Sunday, April 27, 2014
Been, Madar, & McDonnell on Urban Land‐Use Regulation: Are Homevoters Overtaking the Growth Machine?
Vicki Been (NYU), Josiah Madar (NYU), and Simon Thomas McDonnell (NYU) have published an intriguing new article, Urban Land‐Use Regulation: Are Homevoters Overtaking the Growth Machine?, in the latest issue of the Journal of Empirical Legal Studies. Here is the abstract:
The leading theory about urban land-use regulation argues that city zoning officials are full partners in the business and real estate elite's “growth machine.” Suburban land-use officials, in contrast, are thought to cater to the interests of the majority of their electorate—“homevoters.” A unique database regarding over 200,000 lots that the New York City Planning Commission considered for rezoning between 2002 and 2009 allows us to test various hypotheses suggested by these competing theories of land-use regulation. Our analysis reveals that homevoters are more powerful in urban politics than scholars, policymakers, and judges have assumed.

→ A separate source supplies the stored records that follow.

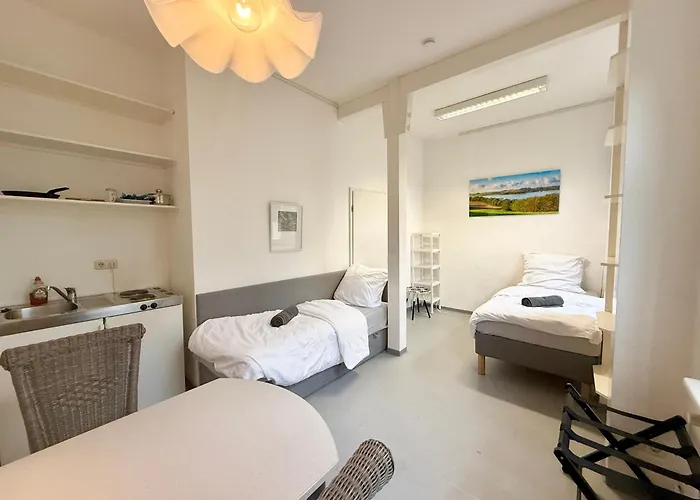 Liva Zentrum - 4 Mit Kueche Und Wlan - Naehe Hauptbahnhof - Ideal Fuer Familien & Monteure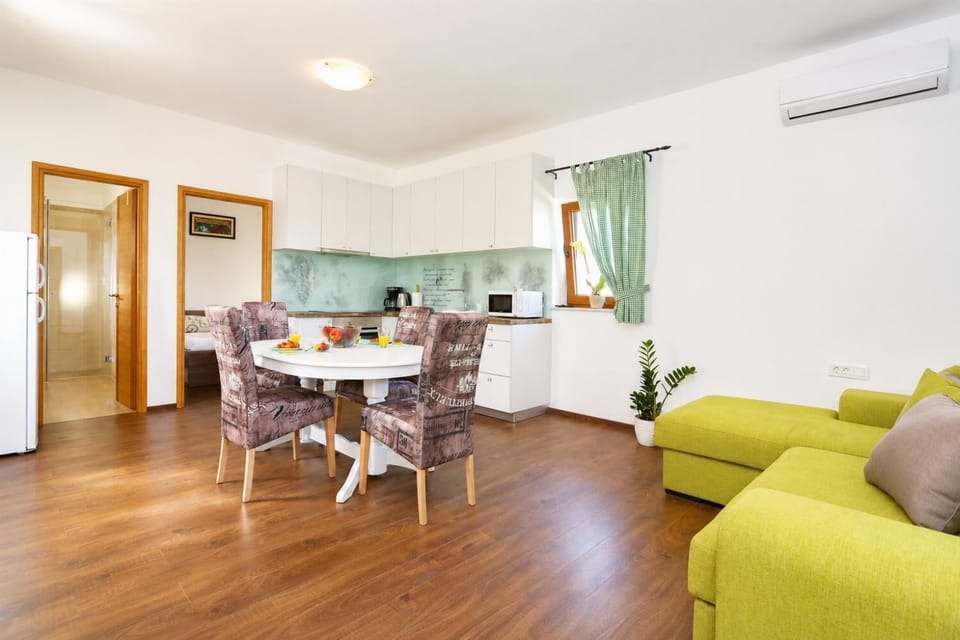 Open plan living room with dining area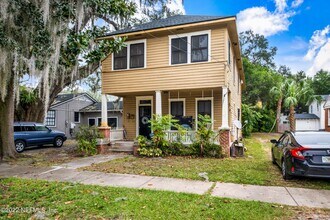 1511 Belmonte Ave in Jacksonville, FL - Building Photo - Building Photo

It is a definite "must read" for land use law folks. Here is one more teaser from the conclusion:
Our results provide significant evidence that the land-use politics of large cities are not as different from those of the suburbs as theorists, policymakers, and judges have assumed. The fact that a city like New York, with its unusually low homeownership rate, strong real estate and business interests, and ardent embrace of the benefits of agglomeration economics, nevertheless downzoned 6 percent of its lots (and put another 15 percent in a category that likely will function as a downzoning) in less than a decade is remarkable.